_YOUR INSTRUCTIONS_:
Output every entry exactly as written.

── PROVIDED RECORDS ──

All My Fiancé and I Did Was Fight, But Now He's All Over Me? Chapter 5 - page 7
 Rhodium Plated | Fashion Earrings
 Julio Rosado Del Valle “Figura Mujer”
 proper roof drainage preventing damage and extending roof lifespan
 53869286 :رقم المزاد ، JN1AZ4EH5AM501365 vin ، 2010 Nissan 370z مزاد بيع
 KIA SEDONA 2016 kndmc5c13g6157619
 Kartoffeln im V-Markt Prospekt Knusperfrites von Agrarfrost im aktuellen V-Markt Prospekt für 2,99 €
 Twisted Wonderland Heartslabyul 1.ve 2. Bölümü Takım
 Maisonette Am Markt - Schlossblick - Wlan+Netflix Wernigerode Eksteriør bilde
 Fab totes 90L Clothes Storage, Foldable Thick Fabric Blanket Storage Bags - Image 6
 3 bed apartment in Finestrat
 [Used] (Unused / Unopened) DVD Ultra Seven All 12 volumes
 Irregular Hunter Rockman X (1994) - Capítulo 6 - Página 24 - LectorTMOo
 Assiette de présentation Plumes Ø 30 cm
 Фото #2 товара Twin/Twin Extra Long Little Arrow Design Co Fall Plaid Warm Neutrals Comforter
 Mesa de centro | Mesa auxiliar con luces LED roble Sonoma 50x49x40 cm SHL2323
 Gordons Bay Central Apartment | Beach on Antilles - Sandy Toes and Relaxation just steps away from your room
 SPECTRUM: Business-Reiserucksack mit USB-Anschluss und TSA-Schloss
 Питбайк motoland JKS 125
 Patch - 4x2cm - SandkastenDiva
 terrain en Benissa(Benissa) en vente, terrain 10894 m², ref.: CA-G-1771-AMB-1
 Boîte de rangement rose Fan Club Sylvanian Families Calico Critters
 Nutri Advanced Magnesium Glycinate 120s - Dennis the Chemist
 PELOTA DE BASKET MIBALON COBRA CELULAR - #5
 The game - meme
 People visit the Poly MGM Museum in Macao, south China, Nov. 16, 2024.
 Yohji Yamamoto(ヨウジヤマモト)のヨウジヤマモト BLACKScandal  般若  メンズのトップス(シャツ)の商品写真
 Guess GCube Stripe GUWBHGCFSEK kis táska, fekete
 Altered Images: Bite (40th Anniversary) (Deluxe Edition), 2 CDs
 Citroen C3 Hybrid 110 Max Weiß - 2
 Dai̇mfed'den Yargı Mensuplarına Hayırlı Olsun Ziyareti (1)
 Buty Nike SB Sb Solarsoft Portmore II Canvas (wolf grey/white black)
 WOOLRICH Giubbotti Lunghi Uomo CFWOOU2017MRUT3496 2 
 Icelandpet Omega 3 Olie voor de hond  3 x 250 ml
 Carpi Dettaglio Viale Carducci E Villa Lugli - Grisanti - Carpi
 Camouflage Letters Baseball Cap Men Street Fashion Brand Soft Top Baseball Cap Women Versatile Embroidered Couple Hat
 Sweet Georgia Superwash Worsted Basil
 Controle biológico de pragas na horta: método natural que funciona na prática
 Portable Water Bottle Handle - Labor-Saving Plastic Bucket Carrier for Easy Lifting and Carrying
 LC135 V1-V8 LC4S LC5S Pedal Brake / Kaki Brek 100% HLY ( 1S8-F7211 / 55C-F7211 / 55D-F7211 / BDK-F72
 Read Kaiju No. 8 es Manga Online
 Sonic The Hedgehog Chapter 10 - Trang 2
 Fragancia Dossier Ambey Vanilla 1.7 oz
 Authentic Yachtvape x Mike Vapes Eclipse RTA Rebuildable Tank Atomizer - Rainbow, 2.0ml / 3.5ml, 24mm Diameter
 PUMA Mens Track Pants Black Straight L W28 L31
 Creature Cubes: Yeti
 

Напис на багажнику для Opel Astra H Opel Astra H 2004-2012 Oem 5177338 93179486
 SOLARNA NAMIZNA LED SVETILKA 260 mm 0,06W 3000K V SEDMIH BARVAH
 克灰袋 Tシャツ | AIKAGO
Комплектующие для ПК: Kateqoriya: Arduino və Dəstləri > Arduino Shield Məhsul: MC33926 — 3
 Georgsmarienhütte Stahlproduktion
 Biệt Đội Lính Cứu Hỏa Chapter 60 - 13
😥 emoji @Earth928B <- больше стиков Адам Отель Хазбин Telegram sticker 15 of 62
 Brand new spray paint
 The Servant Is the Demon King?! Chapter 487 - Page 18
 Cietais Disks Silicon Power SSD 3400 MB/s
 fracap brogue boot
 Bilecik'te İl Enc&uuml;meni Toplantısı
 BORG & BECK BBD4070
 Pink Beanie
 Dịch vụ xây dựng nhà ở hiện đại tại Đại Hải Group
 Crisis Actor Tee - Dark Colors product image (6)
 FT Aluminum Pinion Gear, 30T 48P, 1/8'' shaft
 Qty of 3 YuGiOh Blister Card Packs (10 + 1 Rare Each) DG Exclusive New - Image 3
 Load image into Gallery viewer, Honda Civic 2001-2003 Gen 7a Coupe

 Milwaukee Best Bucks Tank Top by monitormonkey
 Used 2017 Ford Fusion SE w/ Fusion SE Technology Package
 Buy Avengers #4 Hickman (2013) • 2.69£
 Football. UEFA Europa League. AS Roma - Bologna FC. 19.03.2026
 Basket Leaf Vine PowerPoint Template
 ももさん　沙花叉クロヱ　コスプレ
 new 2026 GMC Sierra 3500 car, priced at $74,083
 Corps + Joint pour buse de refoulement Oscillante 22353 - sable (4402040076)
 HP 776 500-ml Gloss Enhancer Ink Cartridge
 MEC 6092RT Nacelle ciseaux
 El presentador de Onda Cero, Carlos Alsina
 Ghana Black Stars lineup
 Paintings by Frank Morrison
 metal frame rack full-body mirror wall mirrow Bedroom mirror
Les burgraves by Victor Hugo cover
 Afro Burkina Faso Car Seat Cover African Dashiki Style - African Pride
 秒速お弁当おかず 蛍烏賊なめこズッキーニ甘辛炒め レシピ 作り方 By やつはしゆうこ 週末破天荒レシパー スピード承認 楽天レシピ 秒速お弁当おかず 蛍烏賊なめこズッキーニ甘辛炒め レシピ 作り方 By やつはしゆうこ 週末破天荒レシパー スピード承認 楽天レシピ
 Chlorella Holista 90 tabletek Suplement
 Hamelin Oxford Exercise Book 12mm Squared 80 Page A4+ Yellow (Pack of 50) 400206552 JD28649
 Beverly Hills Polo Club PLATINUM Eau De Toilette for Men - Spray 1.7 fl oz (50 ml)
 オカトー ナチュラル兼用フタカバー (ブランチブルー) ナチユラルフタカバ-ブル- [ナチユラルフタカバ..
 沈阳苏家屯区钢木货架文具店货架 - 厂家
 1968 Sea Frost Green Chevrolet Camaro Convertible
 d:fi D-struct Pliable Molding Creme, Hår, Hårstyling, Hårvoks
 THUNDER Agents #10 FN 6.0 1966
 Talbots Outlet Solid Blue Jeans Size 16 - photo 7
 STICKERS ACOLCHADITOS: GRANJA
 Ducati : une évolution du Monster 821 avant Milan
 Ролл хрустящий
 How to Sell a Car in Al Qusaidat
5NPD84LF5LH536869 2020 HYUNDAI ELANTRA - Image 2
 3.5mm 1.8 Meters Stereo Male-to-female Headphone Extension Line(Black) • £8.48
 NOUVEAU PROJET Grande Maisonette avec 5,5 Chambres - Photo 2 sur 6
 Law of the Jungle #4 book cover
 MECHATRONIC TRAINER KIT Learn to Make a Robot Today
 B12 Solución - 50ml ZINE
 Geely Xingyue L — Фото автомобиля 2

───

_ANSWER BOX_:
All My Fiancé and I Did Was Fight, But Now He's All Over Me? Chapter 5 - page 7
 Rhodium Plated | Fashion Earrings
 Julio Rosado Del Valle “Figura Mujer”
 proper roof drainage preventing damage and extending roof lifespan
 53869286 :رقم المزاد ، JN1AZ4EH5AM501365 vin ، 2010 Nissan 370z مزاد بيع
 KIA SEDONA 2016 kndmc5c13g6157619
 Kartoffeln im V-Markt Prospekt Knusperfrites von Agrarfrost im aktuellen V-Markt Prospekt für 2,99 €
 Twisted Wonderland Heartslabyul 1.ve 2. Bölümü Takım
 Maisonette Am Markt - Schlossblick - Wlan+Netflix Wernigerode Eksteriør bilde
 Fab totes 90L Clothes Storage, Foldable Thick Fabric Blanket Storage Bags - Image 6
 3 bed apartment in Finestrat
 [Used] (Unused / Unopened) DVD Ultra Seven All 12 volumes
 Irregular Hunter Rockman X (1994) - Capítulo 6 - Página 24 - LectorTMOo
 Assiette de présentation Plumes Ø 30 cm
 Фото #2 товара Twin/Twin Extra Long Little Arrow Design Co Fall Plaid Warm Neutrals Comforter
 Mesa de centro | Mesa auxiliar con luces LED roble Sonoma 50x49x40 cm SHL2323
 Gordons Bay Central Apartment | Beach on Antilles - Sandy Toes and Relaxation just steps away from your room
 SPECTRUM: Business-Reiserucksack mit USB-Anschluss und TSA-Schloss
 Питбайк motoland JKS 125
 Patch - 4x2cm - SandkastenDiva
 terrain en Benissa(Benissa) en vente, terrain 10894 m², ref.: CA-G-1771-AMB-1
 Boîte de rangement rose Fan Club Sylvanian Families Calico Critters
 Nutri Advanced Magnesium Glycinate 120s - Dennis the Chemist
 PELOTA DE BASKET MIBALON COBRA CELULAR - #5
 The game - meme
 People visit the Poly MGM Museum in Macao, south China, Nov. 16, 2024.
 Yohji Yamamoto(ヨウジヤマモト)のヨウジヤマモト BLACKScandal  般若  メンズのトップス(シャツ)の商品写真
 Guess GCube Stripe GUWBHGCFSEK kis táska, fekete
 Altered Images: Bite (40th Anniversary) (Deluxe Edition), 2 CDs
 Citroen C3 Hybrid 110 Max Weiß - 2
 Dai̇mfed'den Yargı Mensuplarına Hayırlı Olsun Ziyareti (1)
 Buty Nike SB Sb Solarsoft Portmore II Canvas (wolf grey/white black)
 WOOLRICH Giubbotti Lunghi Uomo CFWOOU2017MRUT3496 2 
 Icelandpet Omega 3 Olie voor de hond  3 x 250 ml
 Carpi Dettaglio Viale Carducci E Villa Lugli - Grisanti - Carpi
 Camouflage Letters Baseball Cap Men Street Fashion Brand Soft Top Baseball Cap Women Versatile Embroidered Couple Hat
 Sweet Georgia Superwash Worsted Basil
 Controle biológico de pragas na horta: método natural que funciona na prática
 Portable Water Bottle Handle - Labor-Saving Plastic Bucket Carrier for Easy Lifting and Carrying
 LC135 V1-V8 LC4S LC5S Pedal Brake / Kaki Brek 100% HLY ( 1S8-F7211 / 55C-F7211 / 55D-F7211 / BDK-F72
 Read Kaiju No. 8 es Manga Online
 Sonic The Hedgehog Chapter 10 - Trang 2
 Fragancia Dossier Ambey Vanilla 1.7 oz
 Authentic Yachtvape x Mike Vapes Eclipse RTA Rebuildable Tank Atomizer - Rainbow, 2.0ml / 3.5ml, 24mm Diameter
 PUMA Mens Track Pants Black Straight L W28 L31
 Creature Cubes: Yeti
 

Напис на багажнику для Opel Astra H Opel Astra H 2004-2012 Oem 5177338 93179486
 SOLARNA NAMIZNA LED SVETILKA 260 mm 0,06W 3000K V SEDMIH BARVAH
 克灰袋 Tシャツ | AIKAGO
Комплектующие для ПК: Kateqoriya: Arduino və Dəstləri > Arduino Shield Məhsul: MC33926 — 3
 Georgsmarienhütte Stahlproduktion
 Biệt Đội Lính Cứu Hỏa Chapter 60 - 13
😥 emoji @Earth928B <- больше стиков Адам Отель Хазбин Telegram sticker 15 of 62
 Brand new spray paint
 The Servant Is the Demon King?! Chapter 487 - Page 18
 Cietais Disks Silicon Power SSD 3400 MB/s
 fracap brogue boot
 Bilecik'te İl Enc&uuml;meni Toplantısı
 BORG & BECK BBD4070
 Pink Beanie
 Dịch vụ xây dựng nhà ở hiện đại tại Đại Hải Group
 Crisis Actor Tee - Dark Colors product image (6)
 FT Aluminum Pinion Gear, 30T 48P, 1/8'' shaft
 Qty of 3 YuGiOh Blister Card Packs (10 + 1 Rare Each) DG Exclusive New - Image 3
 Load image into Gallery viewer, Honda Civic 2001-2003 Gen 7a Coupe

 Milwaukee Best Bucks Tank Top by monitormonkey
 Used 2017 Ford Fusion SE w/ Fusion SE Technology Package
 Buy Avengers #4 Hickman (2013) • 2.69£
 Football. UEFA Europa League. AS Roma - Bologna FC. 19.03.2026
 Basket Leaf Vine PowerPoint Template
 ももさん　沙花叉クロヱ　コスプレ
 new 2026 GMC Sierra 3500 car, priced at $74,083
 Corps + Joint pour buse de refoulement Oscillante 22353 - sable (4402040076)
 HP 776 500-ml Gloss Enhancer Ink Cartridge
 MEC 6092RT Nacelle ciseaux
 El presentador de Onda Cero, Carlos Alsina
 Ghana Black Stars lineup
 Paintings by Frank Morrison
 metal frame rack full-body mirror wall mirrow Bedroom mirror
Les burgraves by Victor Hugo cover
 Afro Burkina Faso Car Seat Cover African Dashiki Style - African Pride
 秒速お弁当おかず 蛍烏賊なめこズッキーニ甘辛炒め レシピ 作り方 By やつはしゆうこ 週末破天荒レシパー スピード承認 楽天レシピ 秒速お弁当おかず 蛍烏賊なめこズッキーニ甘辛炒め レシピ 作り方 By やつはしゆうこ 週末破天荒レシパー スピード承認 楽天レシピ
 Chlorella Holista 90 tabletek Suplement
 Hamelin Oxford Exercise Book 12mm Squared 80 Page A4+ Yellow (Pack of 50) 400206552 JD28649
 Beverly Hills Polo Club PLATINUM Eau De Toilette for Men - Spray 1.7 fl oz (50 ml)
 オカトー ナチュラル兼用フタカバー (ブランチブルー) ナチユラルフタカバ-ブル- [ナチユラルフタカバ..
 沈阳苏家屯区钢木货架文具店货架 - 厂家
 1968 Sea Frost Green Chevrolet Camaro Convertible
 d:fi D-struct Pliable Molding Creme, Hår, Hårstyling, Hårvoks
 THUNDER Agents #10 FN 6.0 1966
 Talbots Outlet Solid Blue Jeans Size 16 - photo 7
 STICKERS ACOLCHADITOS: GRANJA
 Ducati : une évolution du Monster 821 avant Milan
 Ролл хрустящий
 How to Sell a Car in Al Qusaidat
5NPD84LF5LH536869 2020 HYUNDAI ELANTRA - Image 2
 3.5mm 1.8 Meters Stereo Male-to-female Headphone Extension Line(Black) • £8.48
 NOUVEAU PROJET Grande Maisonette avec 5,5 Chambres - Photo 2 sur 6
 Law of the Jungle #4 book cover
 MECHATRONIC TRAINER KIT Learn to Make a Robot Today
 B12 Solución - 50ml ZINE
 Geely Xingyue L — Фото автомобиля 2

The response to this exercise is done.